**Task item:** Your task is to output the listing word for word, with pictures excluded.

**Information shown:**
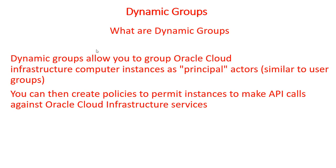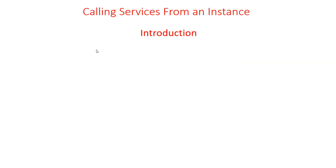When you create a dynamic group, rather than adding members explicitly to the group, you instead define a set of matching rules to define the group members. For example, a rule could specify that all instances in a particular compartment are members of this dynamic group. The members can change dynamically as instances are terminated or added to that compartment.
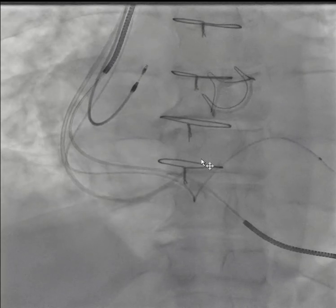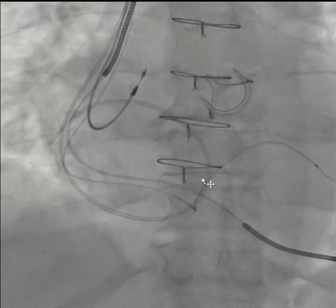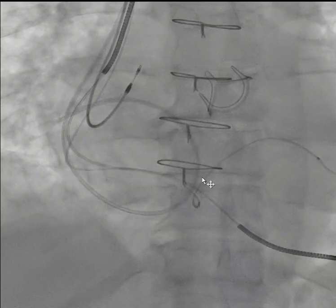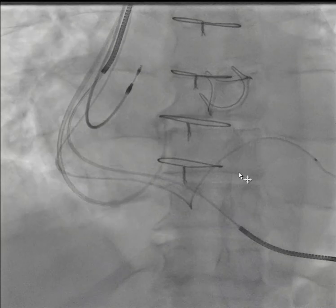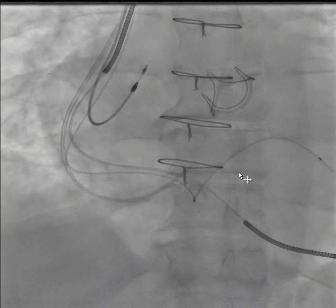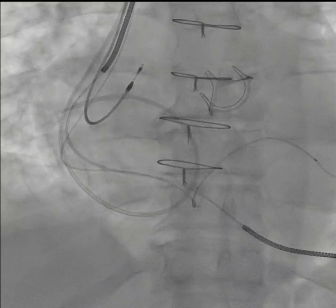Once it's in the right ventricle, you can slightly advance it, then put the balloon up and advance it further.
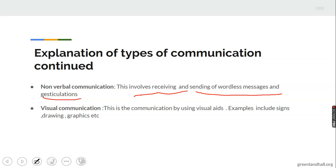Visual communication involves using visual aids to pass information. Examples include signs such as road signs, drawings, graphics, and charts — all examples of visual communication. When they are used, they pass information or messages across to the relevant individuals or organizations concerned.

**Answer to this task:**
When you create a dynamic group, rather than adding members explicitly to the group, you instead define a set of matching rules to define the group members. For example, a rule could specify that all instances in a particular compartment are members of this dynamic group. The members can change dynamically as instances are terminated or added to that compartment.
Once it's in the right ventricle, you can slightly advance it, then put the balloon up and advance it further.
Visual communication involves using visual aids to pass information. Examples include signs such as road signs, drawings, graphics, and charts — all examples of visual communication. When they are used, they pass information or messages across to the relevant individuals or organizations concerned.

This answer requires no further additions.